SUPERGEN projects encompass fundamental science and address the engineering challenges presented by bioenergy systems, whilst also looking at the broader social and economic impact of them too. The Hub’s core programme of work examines:
- Biomass resources – led by the University of Aberystwyth,
- Pre-treatment and conversion – co-led by Imperial College, Aston and The University of Manchester
- Vectors – led by the University of Bath
- Systems – led by University of Manchester
“At the moment, Bioenergy makes up just 7% of our energy in the UK and it needs to be much, much more. Heat and transport, account for a huge amount of our energy usage – so we are focusing our decarbonisation efforts on these areas.
“In order to meet our Paris commitments of effectively no carbon emissions by 2050, there is much work that needs to be done. Bioenergy has a unique role to play in meeting this commitment.
“That’s why it is so important that Industry, policymakers and academics work together to address these challenges; and why many of our projects take a whole-systems perspective to comprehensively evaluate the potential of emerging technologies.
“We need to be sure that these projects will make a difference, that they meet the standards of the industry, producing energy that is fit for the end user, whilst providing real benefits for the environment and achieving all of this is a way that is practicable and economically viable.”
Complementing her work leading the Bioenergy Hub, Patricia has also been appointed Director of Aston University’s European Bioenergy Research Institute (EBRI), where she will build on the pioneering work of Professor Tony Bridgwater, delivering bioenergy and energy systems research.
Aston is a world-leader in energy research and the European-funded institute is developing this work, collaborating and often leading, on many different European projects. However, the EBRI team also works on bridging the gap between the commercial and academic sectors, showing industrialists and SMEs in the Midlands, the opportunities afforded by the bioenergy sector.

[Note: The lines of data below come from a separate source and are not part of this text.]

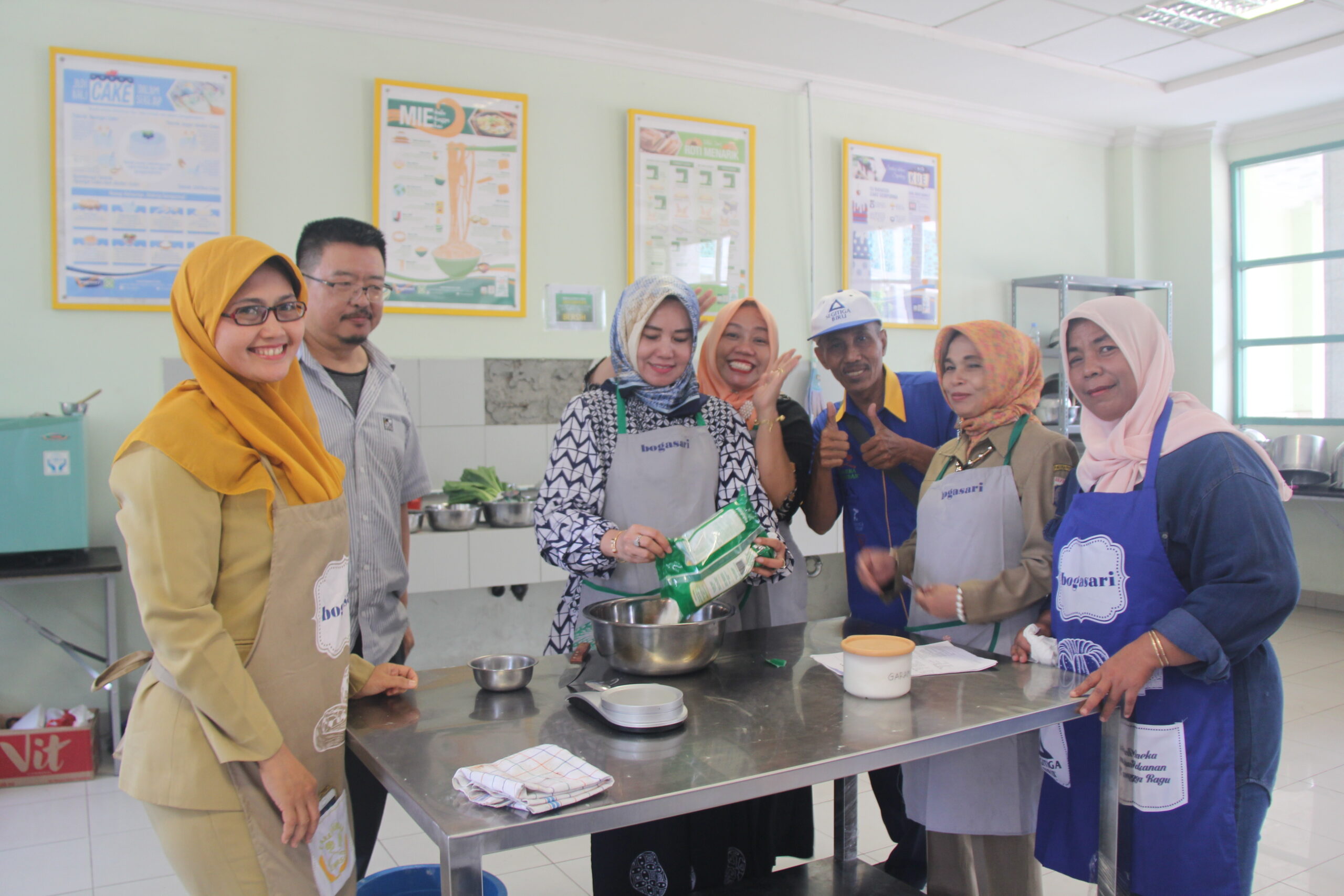 PELATIHAN COOKING CLASS WITH BOGASARI - Jakarta Islamic Centre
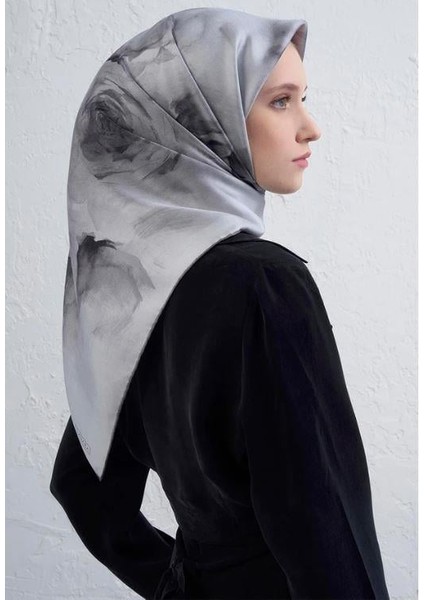 2025 Desenli Saf Ipek Twill Eşarp 9426-83 modelleri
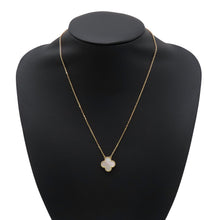 Load image into Gallery viewer, Van Cleef & Arpels Vintage Alhambra PendantVCARA45900 18K Yellow Gold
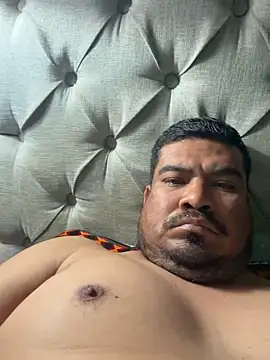 ThickD619 live sex cam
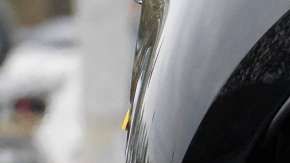 En ocasiones no es necesario invertir tanto dinero en limpiar los rines de tu auto, presta atención al siguiente consejo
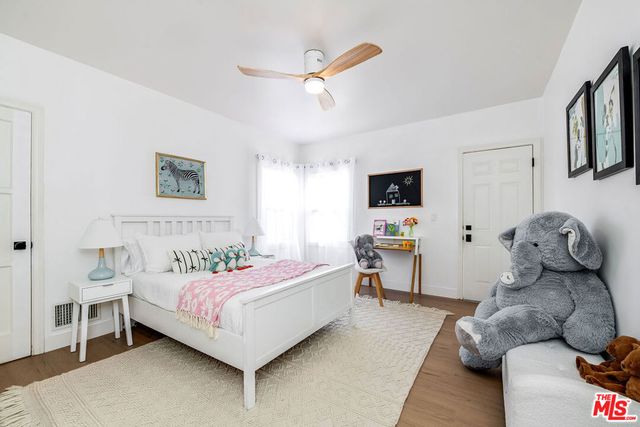 166 S Gardner Street, Los Angeles, CA 90036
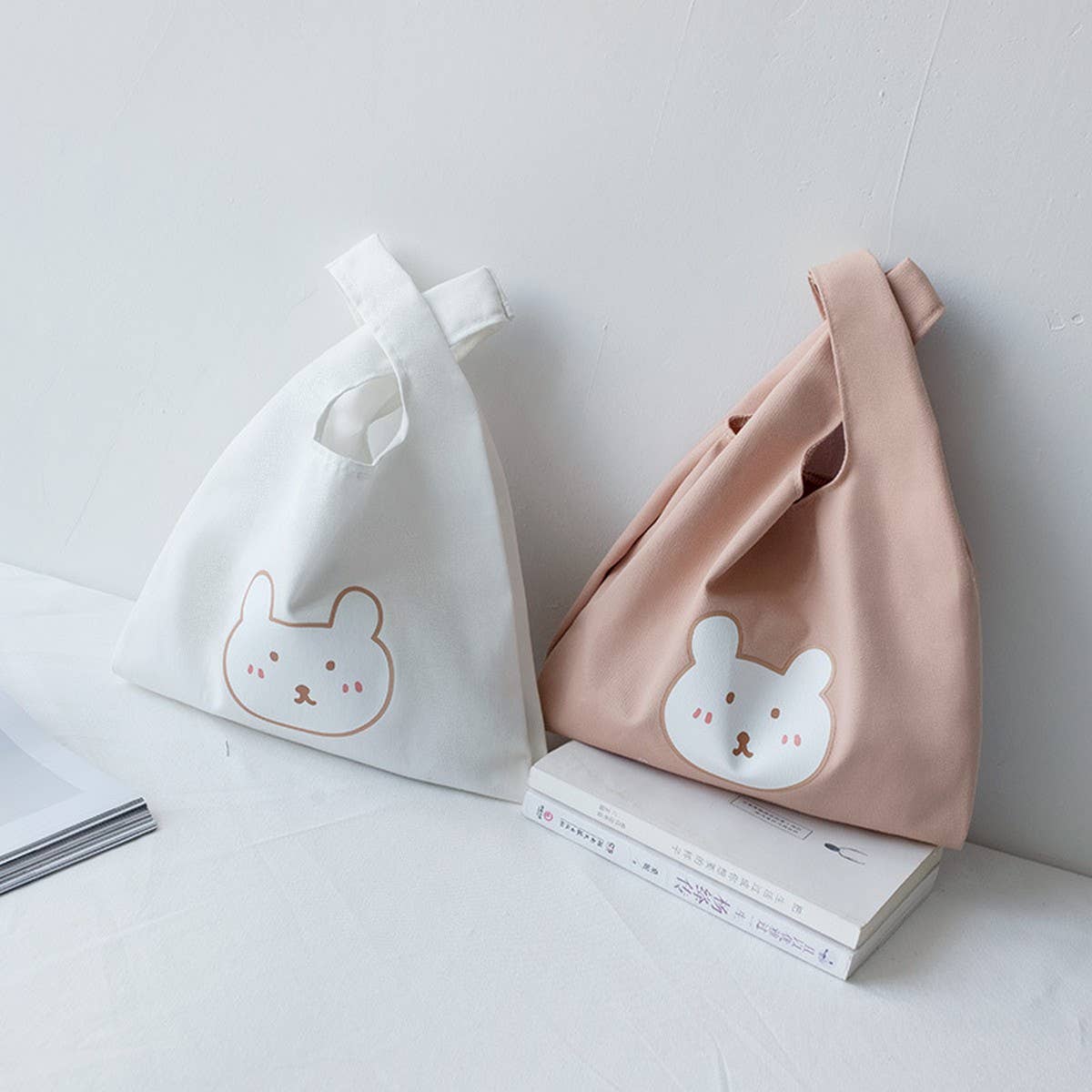 Cute Bear Canvas Lunch Tote for Students_CWAB5600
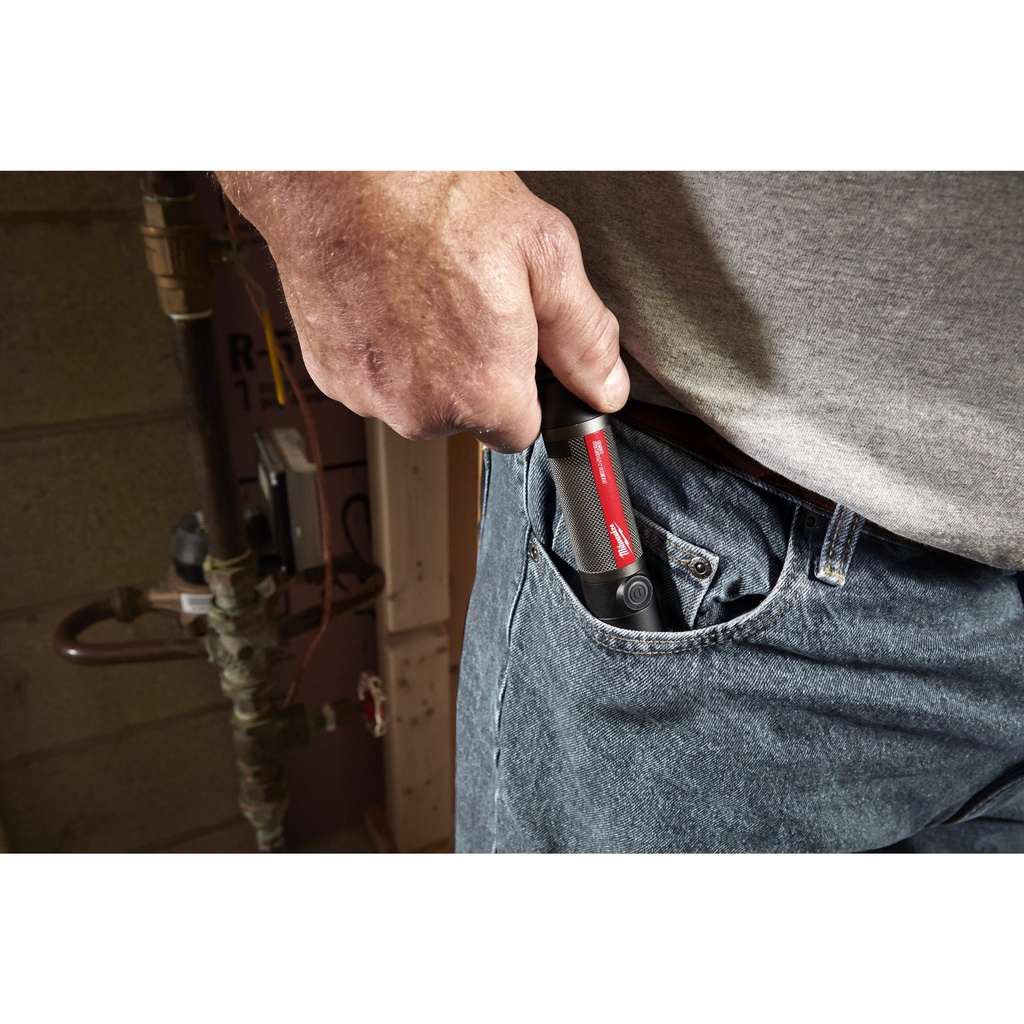 LATARKA_AKUMULATOROWA_USB_800_LUMENÓW_DO_MOCOWANIA_NA_UCHWYCIE_Milwaukee_L4_FMLED-201_4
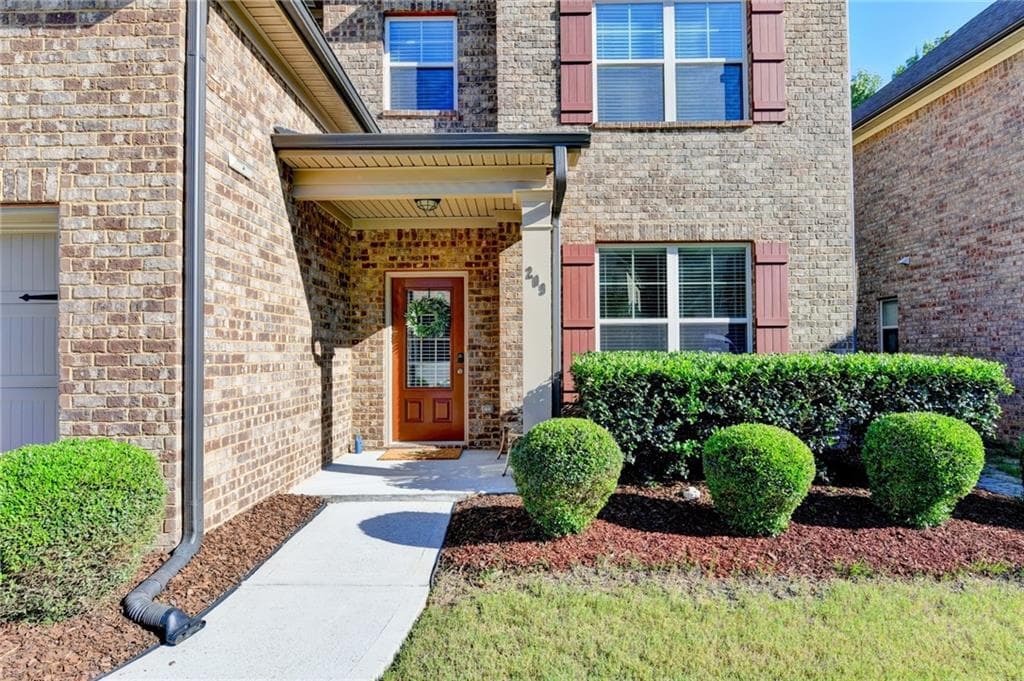 5 bedroom, 3 bathroom, 2,739 sq ft single family residence for sale at 209 Serenity Point, Lawrenceville, GA 30046 — photo 2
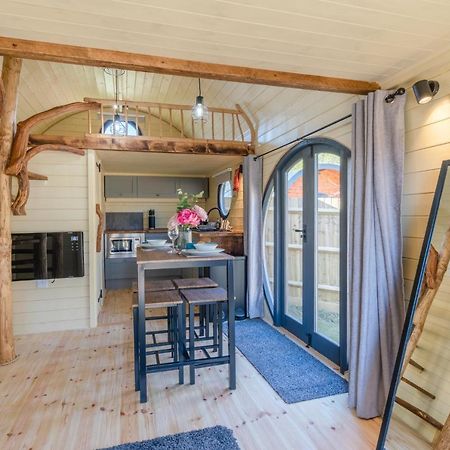 فيلا Laburnum Farm Estate Alderton  المظهر الخارجي الصورة
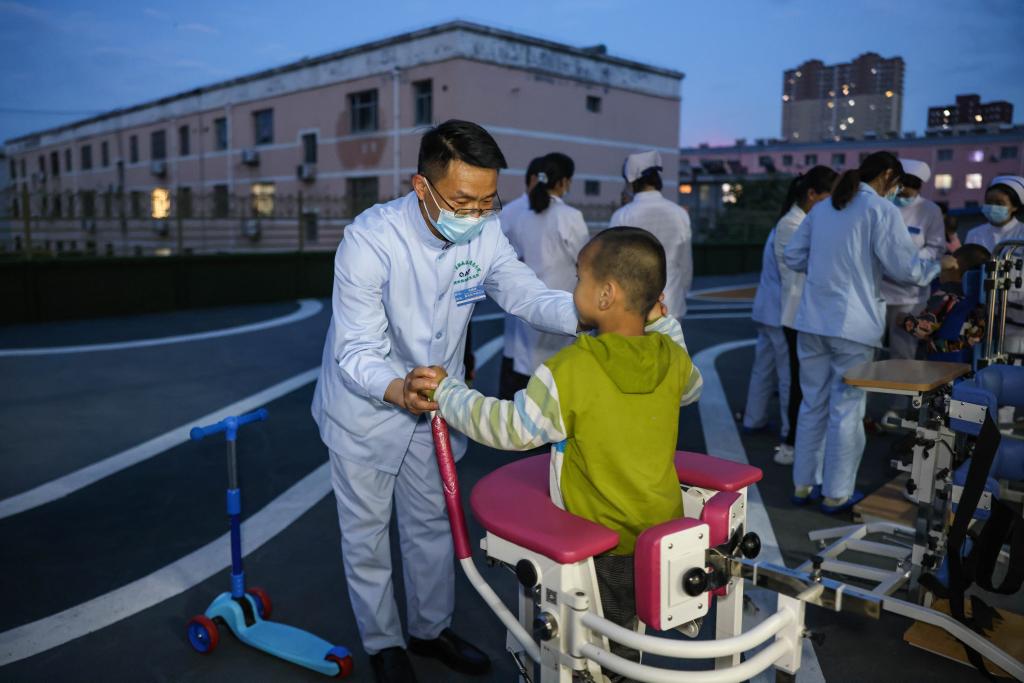 關(guān)愛(ài)殘疾兒童 守護“折翼天使”——走進(jìn)陜西渭南腦病康復醫院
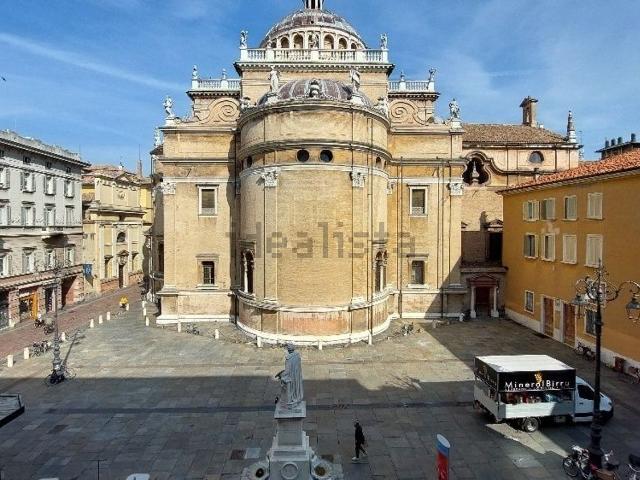 Ufficio in vendita di 127 m² in Piazza Giuseppe Garibaldi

Moving forward, Patricia will broaden the institute’s research focus, making it more outward looking, going beyond the technical aspects of their work to embrace wider sustainability issues. All the while, engaging with a broader range of policymakers, stakeholders and industry partners to communicate their research findings.
“It’s important that we see beyond the thing that we are most comfortable with and step outside of our comfort zone if we are to achieve our goal of providing a practical renewable energy foundation.”
Seeing more women take up STEM subjects is another aspiration of Patricia’s, recently she chaired an EPSRC panel which chose eleven projects at UK universities aimed at improving equality, diversity and inclusion within engineering and the physical sciences.
In addition, Patricia wants to see the knowledge we’ve gained in Europe be translatable to developing countries. “We need to look at global climate change holistically, and take into account international development issues, helping to improve agricultural practices, energy efficiency and reduce greenhouse gases.
“Providing alternative fuels for people who don’t have secure or easy access to energy sources is a priority – delivering systems that are robust, straightforward and scalable – technology that can be used locally.”
Patricia, it is clear, is committed to using the scientific knowledge that underpins her work to make a difference in the real world.